In 1979, the Los Angeles Police Department officially adopted a Drug Recognition Expert program, which was designed to train officers to recognize the symptoms of drug use and identify which categories of drugs a suspect may have ingested. Today, this program is used by law enforcement agencies in almost every state, including Michigan.
Every year, more and more officers attend the three-week drug recognition program to receive certification as Drug Recognition Experts, or DREs for short. These so-called “experts” then go back to their jurisdictions and proceed to arrest and levy criminal charges against citizens based on a non-scientific 12-step drug recognition procedure .
These officers may be called to the scene of drunk driving investigations if the arresting officer believes the driver to be under the influence of a substance other than alcohol. DREs may also be considered expert witnesses when testifying in drug-related operating while intoxicated (OWI), operating with a presence of controlled substance (OWPCS) or operating while visibly impaired (OWVI) trials.
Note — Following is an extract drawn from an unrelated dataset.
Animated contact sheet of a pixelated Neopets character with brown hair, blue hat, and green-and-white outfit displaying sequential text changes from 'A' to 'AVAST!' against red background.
These officers also offer “expert” testimony during impaired driving cases, and their statements may be admitted as evidence, depending on the court and the particular facts of the case. However, a Michigan DUI drug lawyer will know how to attack the DRE’s testimony and refute the evidence he or she provides.
Several doctors trained in various medical disciplines have testified to the non-scientific nature of the 12-step process by which DREs evaluate impaired driving suspects. For example, Dr. Jeffrey Janofsky, an associate professor of psychiatry at Johns Hopkins University School of Medicine, stated that when he reviewed the DRE program in 1992, he could not find a single peer-reviewed study of the program in any scientific literature. Further, this doctor said he believed that testimony based on DRE evaluations would be inaccurate and could lead to wrongful convictions.
Another clinical pharmacologist, Dr. Francis Gengo, testified in a Maryland court that there was no evidence to support the notion that DREs could distinguish between impairment due to drug use and a medically-related physical reaction. In other words, an officer trained in drug recognition is not qualified to make a medical diagnosis, and a symptom of a medical problem or sickness could easily be misinterpreted as a symptom of drug use.
Testimony provided by drug recognition experts is usually regarded by prosecutors to be more convincing evidence than chemical drug test results. This is because drug tests generally cannot show when someone took a substance, but only that traces of the substance were found in the person’s system. In other words, it would be extremely difficult for a prosecutor to show that you were driving while impaired based solely on the results of a drug test.
For example, consider someone facing an OWI Marijuana charge. A drug screen that was positive for marijuana would not be considered compelling evidence against the driver in this case, because marijuana metabolites can be detected in the body weeks after the drug was used. It would be nearly impossible for a prosecutor to show that the driver was impaired at the time of the arrest based solely on a drug test.
However, testimony from a DRE who investigated the case, performed the 12-step drug recognition evaluation and noted that the driver met the criteria for intoxication by cannabis—one of the DRE’s seven recognized drug categories —would carry much more weight with the judge or jury.